ASSIGNMENT:
Return exactly the final stretch of the records below, opening with the line that contains "Cyborg Face Graphic T-Shirt" and closing with the last line.

--- --- ---

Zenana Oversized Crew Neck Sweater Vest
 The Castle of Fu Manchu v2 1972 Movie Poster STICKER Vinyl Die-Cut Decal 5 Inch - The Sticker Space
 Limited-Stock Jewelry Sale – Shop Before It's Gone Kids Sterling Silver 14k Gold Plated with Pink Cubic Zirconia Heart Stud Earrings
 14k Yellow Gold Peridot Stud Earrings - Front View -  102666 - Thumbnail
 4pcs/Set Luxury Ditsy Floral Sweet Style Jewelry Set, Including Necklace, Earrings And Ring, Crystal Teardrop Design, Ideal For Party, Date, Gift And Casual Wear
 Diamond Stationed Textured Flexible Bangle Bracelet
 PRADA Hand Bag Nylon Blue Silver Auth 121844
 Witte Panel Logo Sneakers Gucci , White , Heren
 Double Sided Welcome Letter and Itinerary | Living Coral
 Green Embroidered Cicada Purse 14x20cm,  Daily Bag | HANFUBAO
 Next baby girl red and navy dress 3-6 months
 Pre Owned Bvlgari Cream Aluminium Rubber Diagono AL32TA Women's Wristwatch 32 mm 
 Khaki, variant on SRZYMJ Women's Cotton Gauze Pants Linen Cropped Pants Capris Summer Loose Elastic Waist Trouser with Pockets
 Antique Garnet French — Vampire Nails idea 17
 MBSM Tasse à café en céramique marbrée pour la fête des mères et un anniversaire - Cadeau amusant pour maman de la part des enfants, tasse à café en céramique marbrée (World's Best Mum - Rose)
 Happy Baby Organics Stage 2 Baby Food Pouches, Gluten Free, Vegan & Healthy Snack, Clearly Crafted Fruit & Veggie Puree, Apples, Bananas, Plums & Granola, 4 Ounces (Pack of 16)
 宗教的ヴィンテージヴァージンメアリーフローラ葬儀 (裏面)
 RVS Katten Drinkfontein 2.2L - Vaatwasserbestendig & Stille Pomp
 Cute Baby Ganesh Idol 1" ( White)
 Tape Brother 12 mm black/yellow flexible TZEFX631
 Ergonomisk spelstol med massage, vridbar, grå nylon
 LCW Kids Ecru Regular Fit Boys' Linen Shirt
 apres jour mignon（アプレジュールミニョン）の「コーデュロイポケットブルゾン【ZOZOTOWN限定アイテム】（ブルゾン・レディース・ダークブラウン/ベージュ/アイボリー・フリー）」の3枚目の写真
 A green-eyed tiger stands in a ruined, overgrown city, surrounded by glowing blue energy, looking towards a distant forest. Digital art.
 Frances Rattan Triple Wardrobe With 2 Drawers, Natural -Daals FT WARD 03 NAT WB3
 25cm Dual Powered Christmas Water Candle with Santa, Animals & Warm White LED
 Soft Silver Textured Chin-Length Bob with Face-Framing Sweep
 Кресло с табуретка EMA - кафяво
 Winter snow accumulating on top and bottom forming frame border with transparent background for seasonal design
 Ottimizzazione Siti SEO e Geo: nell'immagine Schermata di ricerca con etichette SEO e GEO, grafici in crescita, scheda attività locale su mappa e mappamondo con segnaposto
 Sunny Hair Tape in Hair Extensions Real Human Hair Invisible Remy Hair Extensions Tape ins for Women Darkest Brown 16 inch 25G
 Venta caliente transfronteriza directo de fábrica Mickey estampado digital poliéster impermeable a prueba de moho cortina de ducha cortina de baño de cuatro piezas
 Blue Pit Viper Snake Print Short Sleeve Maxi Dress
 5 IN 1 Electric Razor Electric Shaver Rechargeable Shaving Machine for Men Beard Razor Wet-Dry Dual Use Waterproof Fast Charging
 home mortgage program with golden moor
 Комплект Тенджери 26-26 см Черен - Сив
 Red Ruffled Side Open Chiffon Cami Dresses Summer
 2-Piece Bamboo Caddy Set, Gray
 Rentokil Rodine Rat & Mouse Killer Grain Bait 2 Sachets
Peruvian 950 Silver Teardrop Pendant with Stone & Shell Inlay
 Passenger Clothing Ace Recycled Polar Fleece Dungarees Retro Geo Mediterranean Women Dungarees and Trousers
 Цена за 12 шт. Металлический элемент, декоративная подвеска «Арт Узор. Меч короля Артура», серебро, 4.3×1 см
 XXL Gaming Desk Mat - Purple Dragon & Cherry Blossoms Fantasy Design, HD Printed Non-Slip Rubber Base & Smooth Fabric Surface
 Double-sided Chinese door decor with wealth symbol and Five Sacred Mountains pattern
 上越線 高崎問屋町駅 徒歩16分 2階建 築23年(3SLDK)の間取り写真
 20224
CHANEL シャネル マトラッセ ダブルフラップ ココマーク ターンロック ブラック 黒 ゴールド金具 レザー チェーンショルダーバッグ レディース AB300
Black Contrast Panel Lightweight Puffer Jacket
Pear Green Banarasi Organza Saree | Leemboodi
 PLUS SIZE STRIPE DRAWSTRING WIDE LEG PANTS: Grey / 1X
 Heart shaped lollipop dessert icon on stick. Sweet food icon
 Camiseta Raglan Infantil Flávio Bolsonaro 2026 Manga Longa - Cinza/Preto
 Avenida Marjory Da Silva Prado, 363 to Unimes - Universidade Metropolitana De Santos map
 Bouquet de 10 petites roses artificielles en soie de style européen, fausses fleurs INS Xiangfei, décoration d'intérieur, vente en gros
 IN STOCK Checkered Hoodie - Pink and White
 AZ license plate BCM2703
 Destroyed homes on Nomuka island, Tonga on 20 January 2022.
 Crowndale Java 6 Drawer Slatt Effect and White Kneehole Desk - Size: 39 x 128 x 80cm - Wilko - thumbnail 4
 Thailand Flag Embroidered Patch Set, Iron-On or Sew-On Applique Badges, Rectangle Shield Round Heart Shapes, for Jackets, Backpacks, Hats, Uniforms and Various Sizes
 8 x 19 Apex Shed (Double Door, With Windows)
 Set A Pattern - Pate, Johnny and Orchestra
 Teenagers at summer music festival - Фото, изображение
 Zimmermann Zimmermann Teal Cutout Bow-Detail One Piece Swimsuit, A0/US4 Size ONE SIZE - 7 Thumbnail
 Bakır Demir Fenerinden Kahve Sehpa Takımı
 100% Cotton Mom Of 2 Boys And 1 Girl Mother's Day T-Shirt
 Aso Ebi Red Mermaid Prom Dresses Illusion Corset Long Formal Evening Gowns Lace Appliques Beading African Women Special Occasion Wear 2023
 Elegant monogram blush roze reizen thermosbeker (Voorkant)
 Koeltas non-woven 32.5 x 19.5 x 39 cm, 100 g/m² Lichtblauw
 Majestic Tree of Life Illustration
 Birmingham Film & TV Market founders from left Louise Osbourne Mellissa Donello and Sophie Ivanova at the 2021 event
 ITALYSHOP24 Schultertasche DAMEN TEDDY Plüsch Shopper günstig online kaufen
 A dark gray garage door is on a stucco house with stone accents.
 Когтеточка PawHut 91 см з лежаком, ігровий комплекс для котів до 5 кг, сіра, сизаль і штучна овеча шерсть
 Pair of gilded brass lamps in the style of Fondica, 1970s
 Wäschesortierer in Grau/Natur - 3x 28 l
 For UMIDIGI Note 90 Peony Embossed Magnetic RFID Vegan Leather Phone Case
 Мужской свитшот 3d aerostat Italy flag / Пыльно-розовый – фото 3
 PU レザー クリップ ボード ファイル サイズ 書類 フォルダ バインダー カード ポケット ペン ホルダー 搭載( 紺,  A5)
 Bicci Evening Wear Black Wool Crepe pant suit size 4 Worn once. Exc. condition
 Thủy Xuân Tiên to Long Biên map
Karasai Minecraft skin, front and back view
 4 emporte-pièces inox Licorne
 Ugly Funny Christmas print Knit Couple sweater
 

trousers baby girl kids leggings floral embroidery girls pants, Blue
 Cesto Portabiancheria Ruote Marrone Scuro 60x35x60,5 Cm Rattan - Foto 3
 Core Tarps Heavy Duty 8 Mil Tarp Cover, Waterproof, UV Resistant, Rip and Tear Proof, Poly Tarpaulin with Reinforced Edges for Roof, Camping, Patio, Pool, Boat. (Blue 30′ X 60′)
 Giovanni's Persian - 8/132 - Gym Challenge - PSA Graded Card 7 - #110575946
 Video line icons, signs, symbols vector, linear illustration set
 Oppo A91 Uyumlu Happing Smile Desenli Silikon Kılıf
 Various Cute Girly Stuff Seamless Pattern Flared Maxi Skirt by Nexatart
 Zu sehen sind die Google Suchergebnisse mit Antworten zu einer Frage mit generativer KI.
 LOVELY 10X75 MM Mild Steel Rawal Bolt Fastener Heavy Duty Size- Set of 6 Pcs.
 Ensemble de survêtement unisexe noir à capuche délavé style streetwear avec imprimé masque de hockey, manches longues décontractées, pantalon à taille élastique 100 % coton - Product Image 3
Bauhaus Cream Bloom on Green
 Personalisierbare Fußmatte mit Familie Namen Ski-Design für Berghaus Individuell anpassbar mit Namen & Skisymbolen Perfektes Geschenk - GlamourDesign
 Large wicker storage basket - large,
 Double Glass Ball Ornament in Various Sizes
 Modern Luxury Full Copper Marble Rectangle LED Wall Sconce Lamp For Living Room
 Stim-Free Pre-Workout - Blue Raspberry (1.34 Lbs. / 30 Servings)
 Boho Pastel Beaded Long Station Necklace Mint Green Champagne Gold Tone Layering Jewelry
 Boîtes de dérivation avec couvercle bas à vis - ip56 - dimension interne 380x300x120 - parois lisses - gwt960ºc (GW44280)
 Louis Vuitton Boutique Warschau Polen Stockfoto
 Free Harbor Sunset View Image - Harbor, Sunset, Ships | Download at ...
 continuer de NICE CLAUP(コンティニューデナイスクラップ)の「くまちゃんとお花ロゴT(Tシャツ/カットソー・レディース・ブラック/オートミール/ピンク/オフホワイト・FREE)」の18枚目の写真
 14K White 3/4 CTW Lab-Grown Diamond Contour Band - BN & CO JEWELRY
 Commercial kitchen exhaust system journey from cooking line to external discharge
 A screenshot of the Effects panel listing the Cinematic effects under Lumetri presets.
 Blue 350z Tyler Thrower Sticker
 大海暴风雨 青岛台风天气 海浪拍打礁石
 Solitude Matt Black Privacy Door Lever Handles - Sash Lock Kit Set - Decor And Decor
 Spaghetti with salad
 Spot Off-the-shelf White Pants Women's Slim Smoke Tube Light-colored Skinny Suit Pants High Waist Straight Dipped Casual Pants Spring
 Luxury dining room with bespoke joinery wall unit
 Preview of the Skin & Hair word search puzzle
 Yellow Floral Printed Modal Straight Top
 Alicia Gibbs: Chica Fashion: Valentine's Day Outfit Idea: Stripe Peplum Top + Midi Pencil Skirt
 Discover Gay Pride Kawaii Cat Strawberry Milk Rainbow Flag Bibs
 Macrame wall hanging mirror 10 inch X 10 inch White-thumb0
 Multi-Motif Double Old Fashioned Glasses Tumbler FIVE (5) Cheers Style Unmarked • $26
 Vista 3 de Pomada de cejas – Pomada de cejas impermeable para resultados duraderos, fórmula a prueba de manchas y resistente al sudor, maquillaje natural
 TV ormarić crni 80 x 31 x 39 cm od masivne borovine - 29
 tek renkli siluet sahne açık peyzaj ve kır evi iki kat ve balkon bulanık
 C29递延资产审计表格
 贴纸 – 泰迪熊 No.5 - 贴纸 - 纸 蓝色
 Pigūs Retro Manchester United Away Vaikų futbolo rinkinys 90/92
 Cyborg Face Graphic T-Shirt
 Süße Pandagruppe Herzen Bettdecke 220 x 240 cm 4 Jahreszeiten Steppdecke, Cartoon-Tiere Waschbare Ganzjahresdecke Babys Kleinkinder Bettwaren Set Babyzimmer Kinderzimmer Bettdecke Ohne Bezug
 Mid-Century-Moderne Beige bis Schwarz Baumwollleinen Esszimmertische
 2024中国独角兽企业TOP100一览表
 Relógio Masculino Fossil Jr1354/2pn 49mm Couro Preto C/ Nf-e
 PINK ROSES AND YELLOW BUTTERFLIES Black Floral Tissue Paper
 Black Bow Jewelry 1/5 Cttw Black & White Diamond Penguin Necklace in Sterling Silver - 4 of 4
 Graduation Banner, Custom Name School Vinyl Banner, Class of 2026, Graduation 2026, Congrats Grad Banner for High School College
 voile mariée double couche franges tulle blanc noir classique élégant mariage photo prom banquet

--- --- ---

RESULT:
 Cyborg Face Graphic T-Shirt
 Süße Pandagruppe Herzen Bettdecke 220 x 240 cm 4 Jahreszeiten Steppdecke, Cartoon-Tiere Waschbare Ganzjahresdecke Babys Kleinkinder Bettwaren Set Babyzimmer Kinderzimmer Bettdecke Ohne Bezug
 Mid-Century-Moderne Beige bis Schwarz Baumwollleinen Esszimmertische
 2024中国独角兽企业TOP100一览表
 Relógio Masculino Fossil Jr1354/2pn 49mm Couro Preto C/ Nf-e
 PINK ROSES AND YELLOW BUTTERFLIES Black Floral Tissue Paper
 Black Bow Jewelry 1/5 Cttw Black & White Diamond Penguin Necklace in Sterling Silver - 4 of 4
 Graduation Banner, Custom Name School Vinyl Banner, Class of 2026, Graduation 2026, Congrats Grad Banner for High School College
 voile mariée double couche franges tulle blanc noir classique élégant mariage photo prom banquet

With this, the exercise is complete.